Diana, ao defrontar o deus caído, quando está presa e quase sem forças, num momento de ira profunda ao ver Steve se sacrificando, consegue se livrar. Porém, ela ainda é incapaz de atingi-lo de maneira eficiente. Pela raiva e violência, somente, ela não consegue derrotar a personificação da guerra. Entretanto, somente ao se lembrar da conversa com Steve, na qual ele mostra todo seu amor à humanidade e a ela – pelo sacrifício e no ato de entregá-la o relógio – que a princesa consegue efetivamente atingir e destruir o algoz – utilizando não sua espada, mas os braceletes, que eram um aparato de defesa. Faz-se necessário lembrar, leitor, que ela consegue destruí-lo muito por conta do que ela mesma diz: é sobre aquilo que você acredita. É uma questão de fé. De fé na humanidade e em algo bom, superior.

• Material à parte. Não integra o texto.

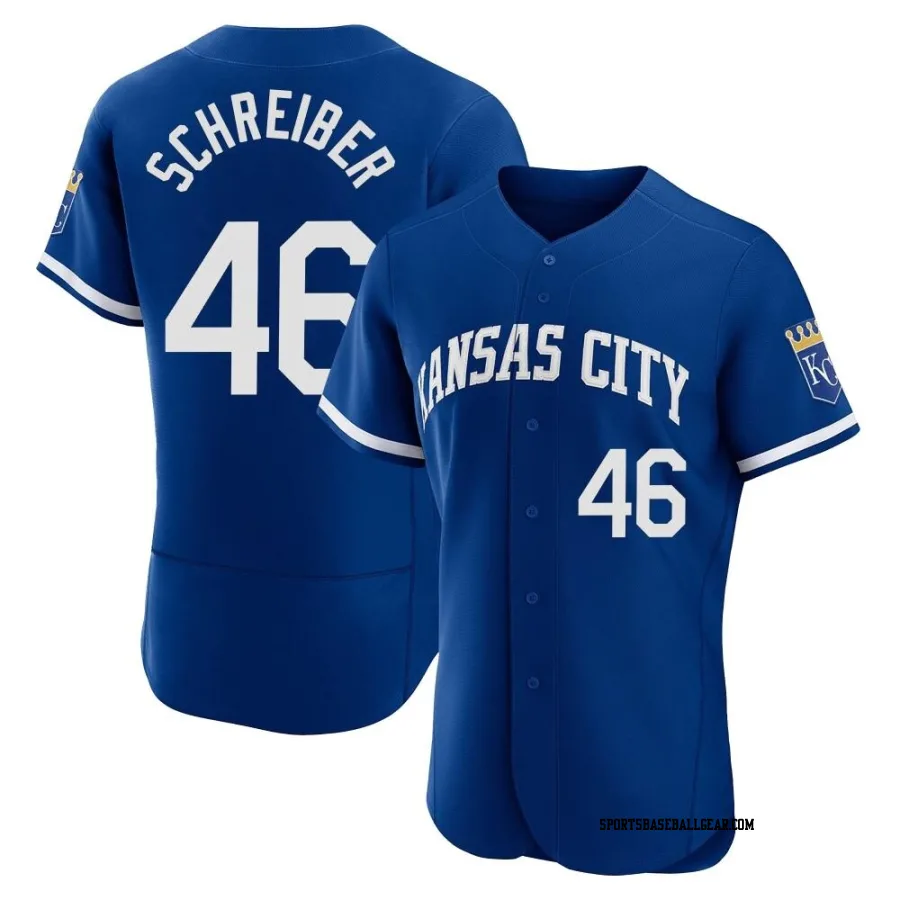 John Schreiber Men's Kansas City Royals Royal Authentic 2022 Alternate Jersey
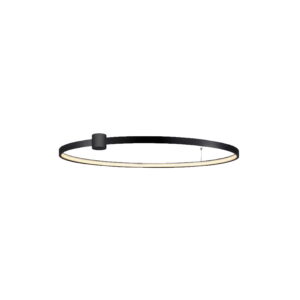 Plafon RING L CZARNY 3000K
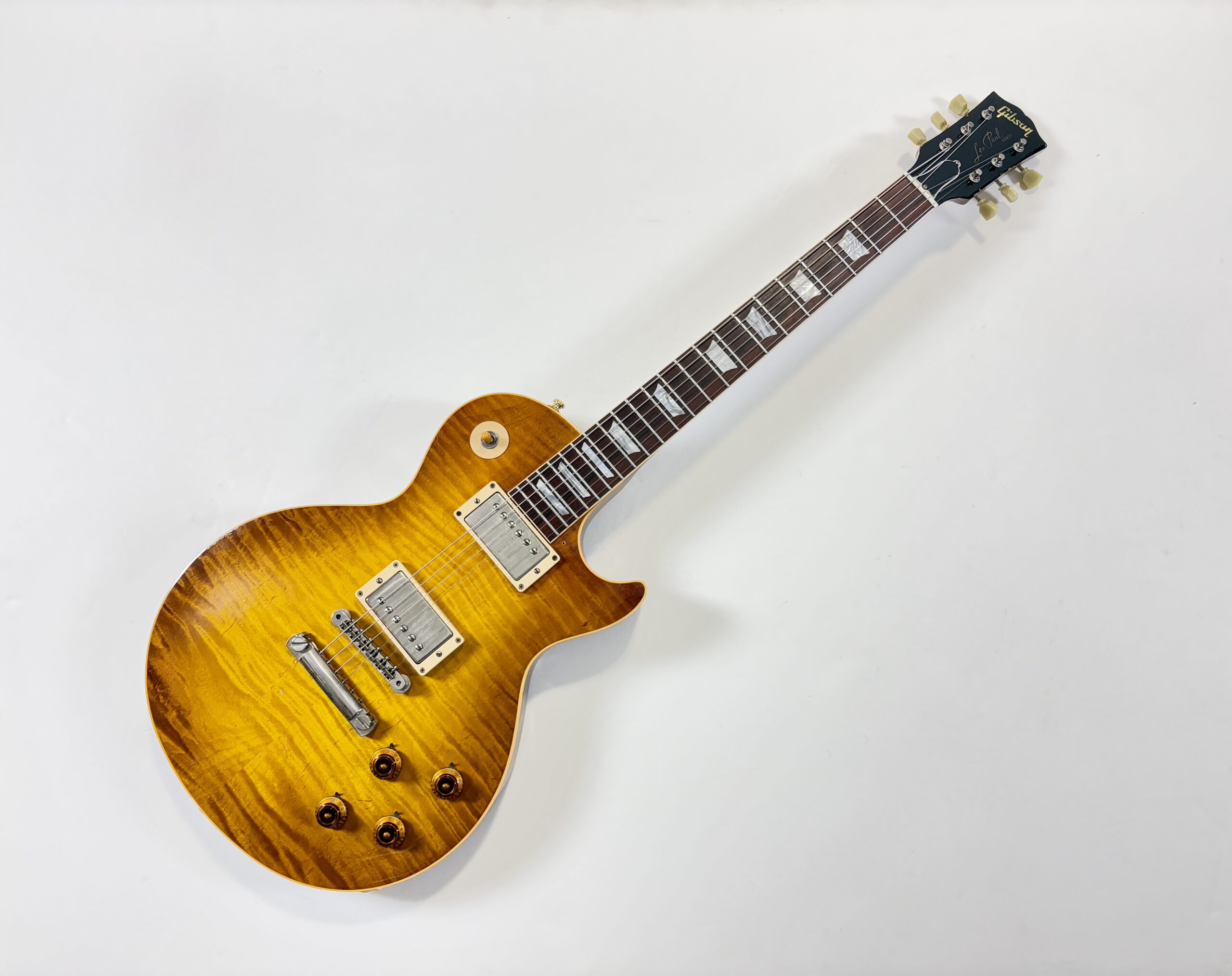 Gibson Les Paul Standard Reissue 1958 Custom Shop Historic 2001 Honey Burst Flametop VOS - Image 1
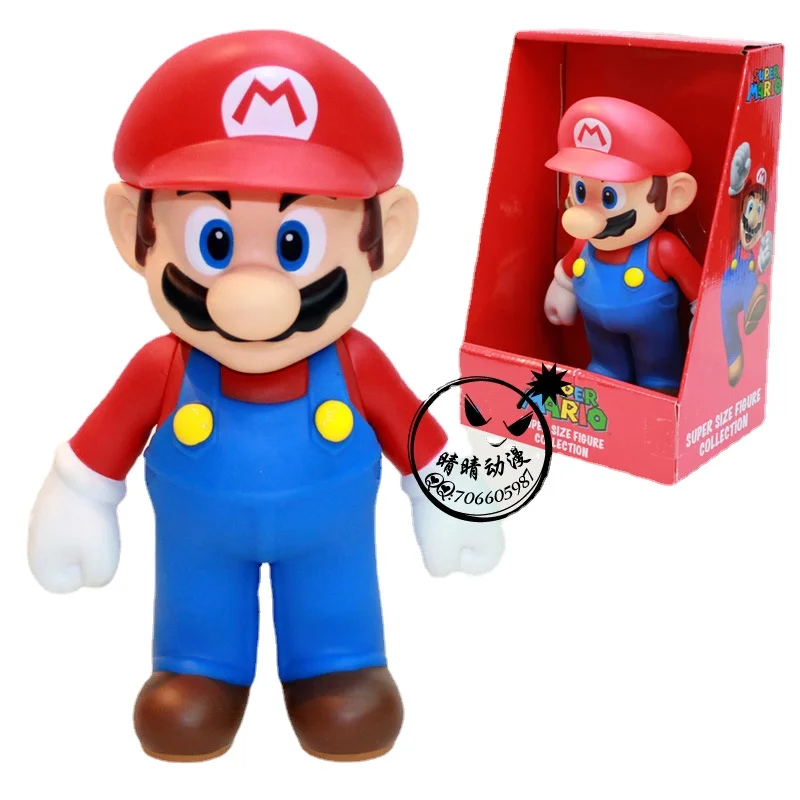 23cmSuper Mario játék Anime perifériás Super Mario Brothers baba kijelző Luigi Yoshi bichino 9-es doboz gyermekek születésnapi ajándék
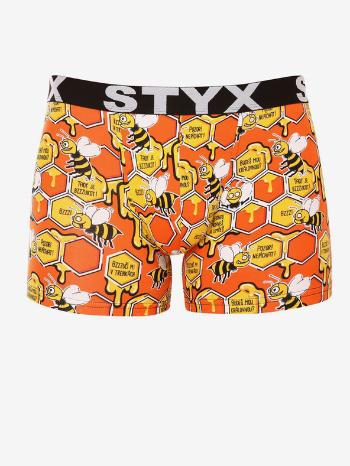 Styx Boxerky Oranžová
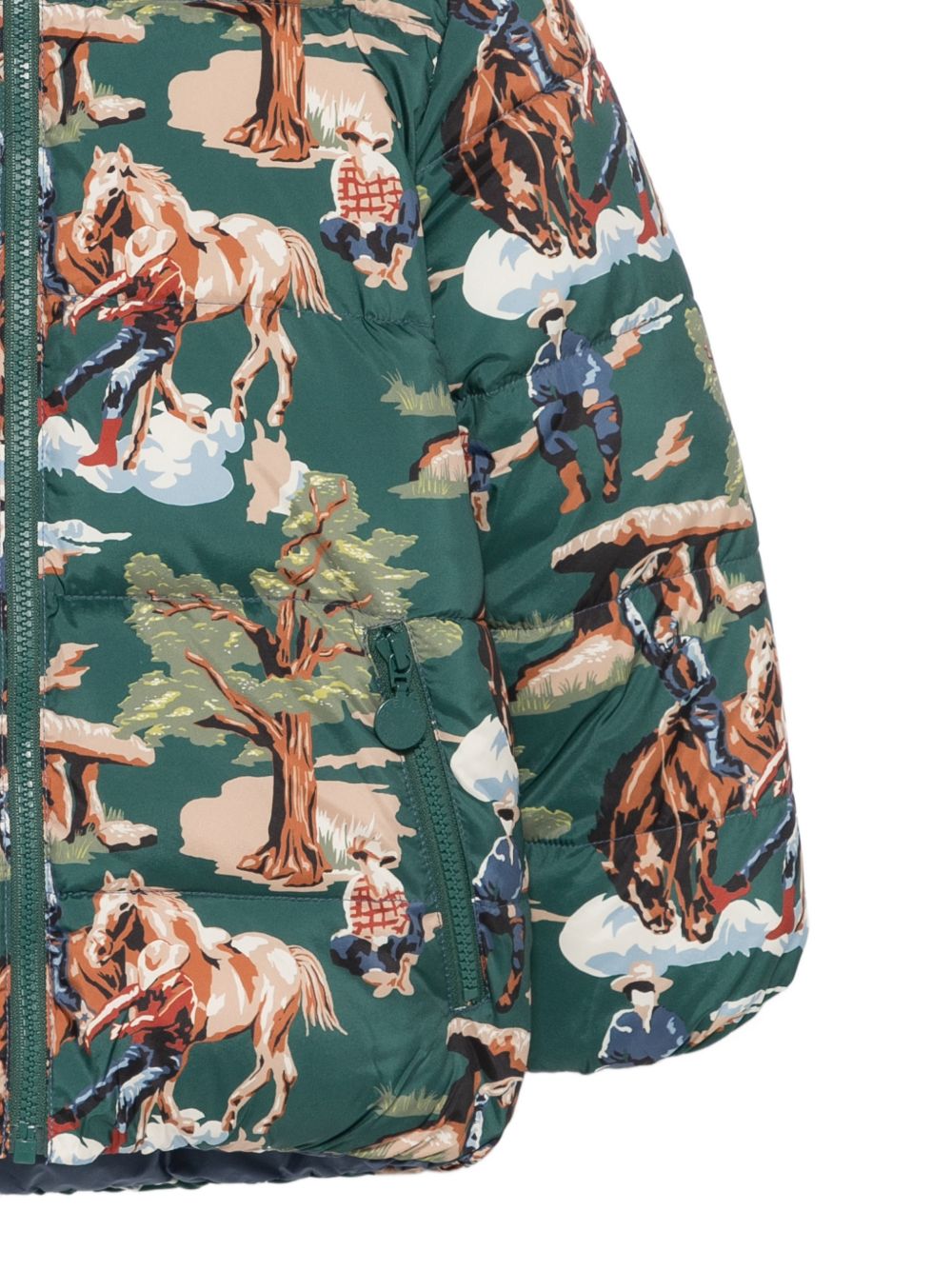 Giubbino per bambino Stella McCartney Kids verde con stampa grafica all-over TZ2H57 Z3956 737MC STELLA McCARTNEY KIDS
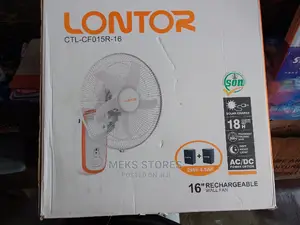 Lontor Rechargeable Wall Fan CTL-Cf015r-16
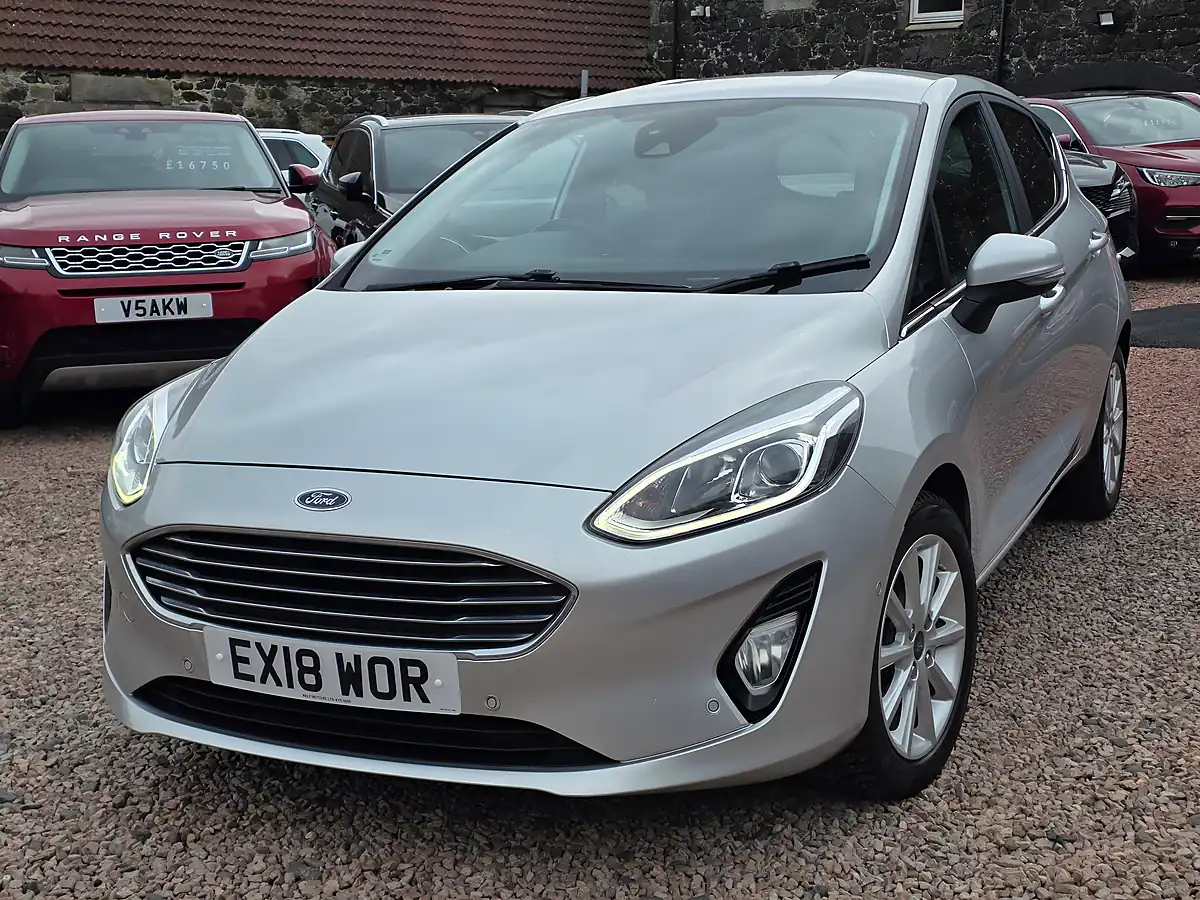 Used 2018 Ford Fiesta Titanium Moondust Silver Metallic - Interior and Exterior details 5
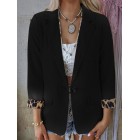 Casual Loose Leopard Print Long Sleeve Cardigan Bzers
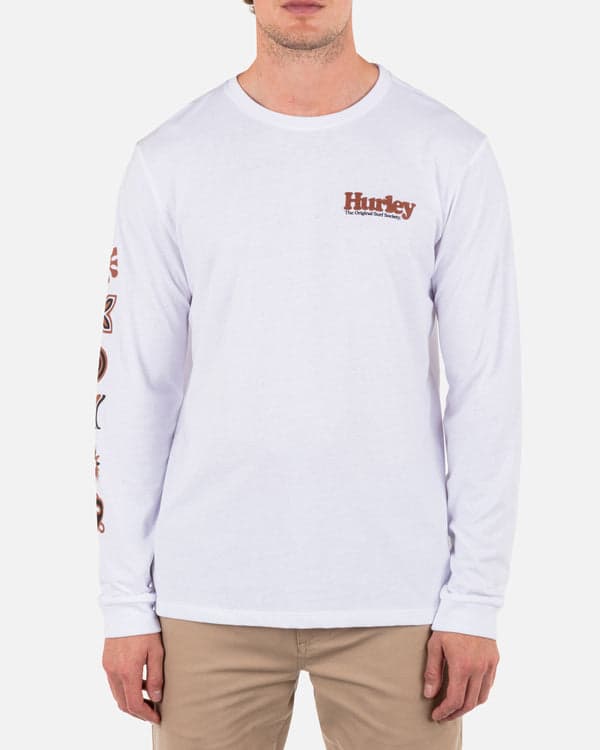hurley Everyday Society Long Sleeve WHITE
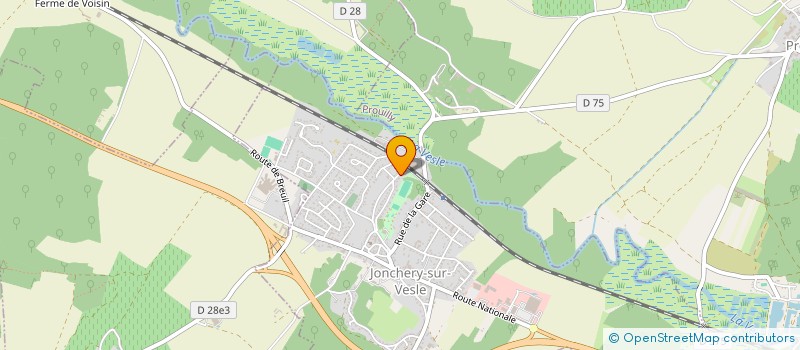 localisation de l'entreprise SCI STEINMETZ CBV  MUIZON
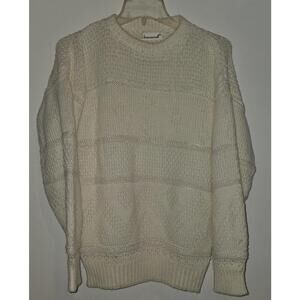 VTG 90s Jason Maxwell Knit Sweater with Textured Pattern Sz L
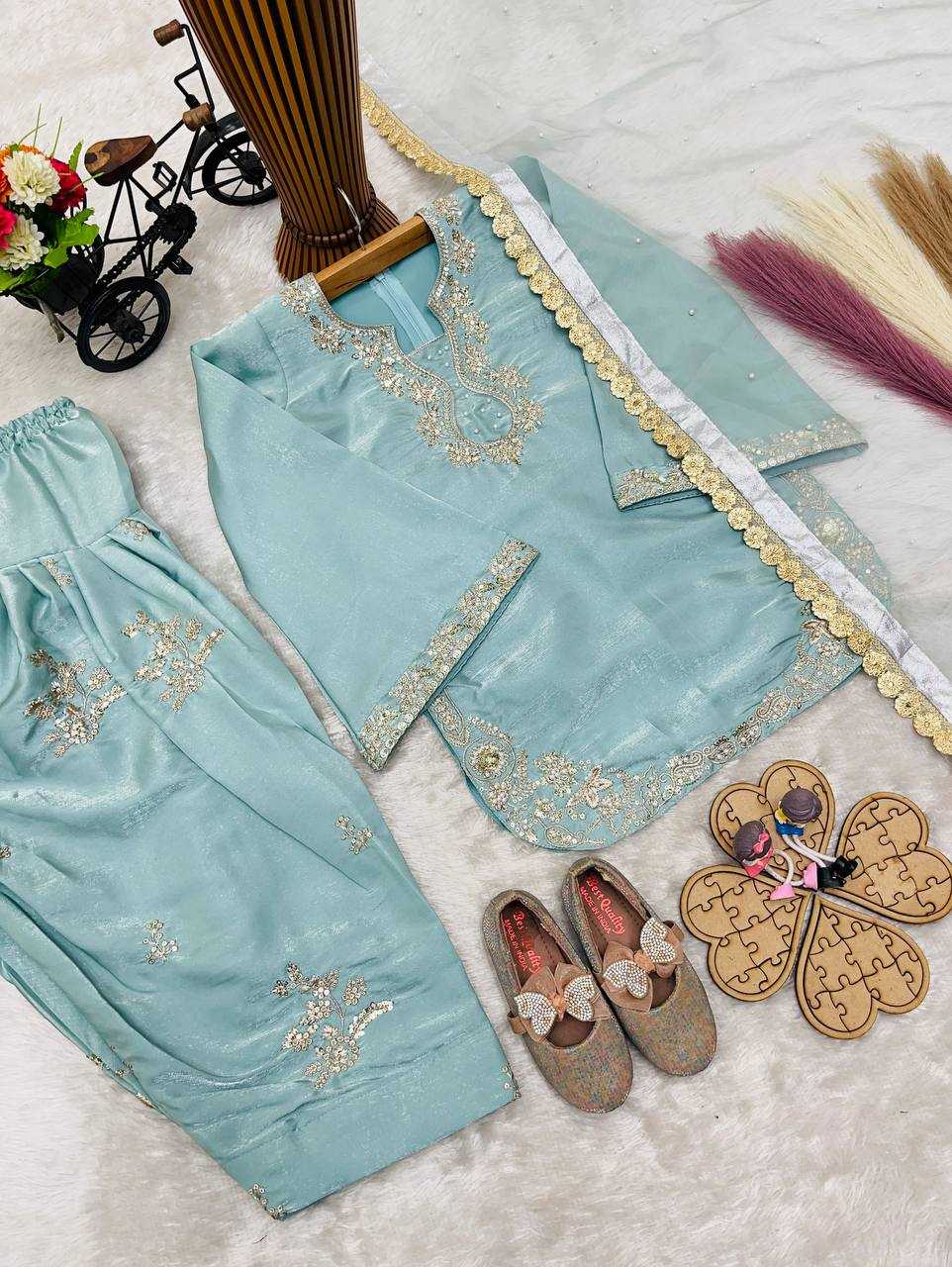 Ynf Cotton RIN234 248 Kids Wear Wholesale Kids Top & Pant Kids Designer Frock Kids Party Wear Ethnic Manufacturer- Kids Exports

Então, muito mais do que uma forma de anunciar o empoderamento dela, ela como heroína, e, por isso, como salvadora, mostra o seu papel de perceber que a humanidade, apesar de não ser merecedora, ao cometer um ato de amor, um ato bom, acaba fazendo valer mais que os seus erros, suas falhas ou vícios. Não que se justifiquem todas as falhas por um ato bom – o que é óbvio – ainda há de se existir justiça, mas, enquanto houver esperança e bondade, a humanidade sempre terá a chance de se redimir. A própria amazona apresenta seus conflitos internos ao tentar salvar uma humanidade que parece não querer ser salva, e, no entanto, ao se ver na sua qualidade de heroína, o faz, pois sabe ser o correto. Essa linha entre o bem e o mal, apesar de em casos apresentar-se de modo muito complexo e quase apagado, deve estar bem demarcada, pois é daí que surgem os heróis, aqueles que, mesmo em meio à escuridão ou a podridão, sabem distinguir o bem e o correto daquilo que não é.
Um breve apêndice:
Inclusive, há um tipo de exaltação que se percebe muito nos dias atuais, quando se nota grupos de pessoas que amam mais a natureza ou os animais que o próprio ser humano. Fazem campanhas contra o corte de uma árvore mas são incapazes de ajudar um mendigo, ou tem asco a gravidezes e bebês, ou à criação de filhos, enquanto defendem o nascimento de bebês panda do outro lado do mundo. A própria Diana, ao ver um bebê tem a reação espontânea que tem se apagado cada vez mais. Também, Ares leva a heroína do campo de batalha, daquele lugar destruído, que cheira à morte, para um campo belo e perfeito, onde não haveria mais homem algum para destruir a natureza e impor seu baixo valor sobre ela.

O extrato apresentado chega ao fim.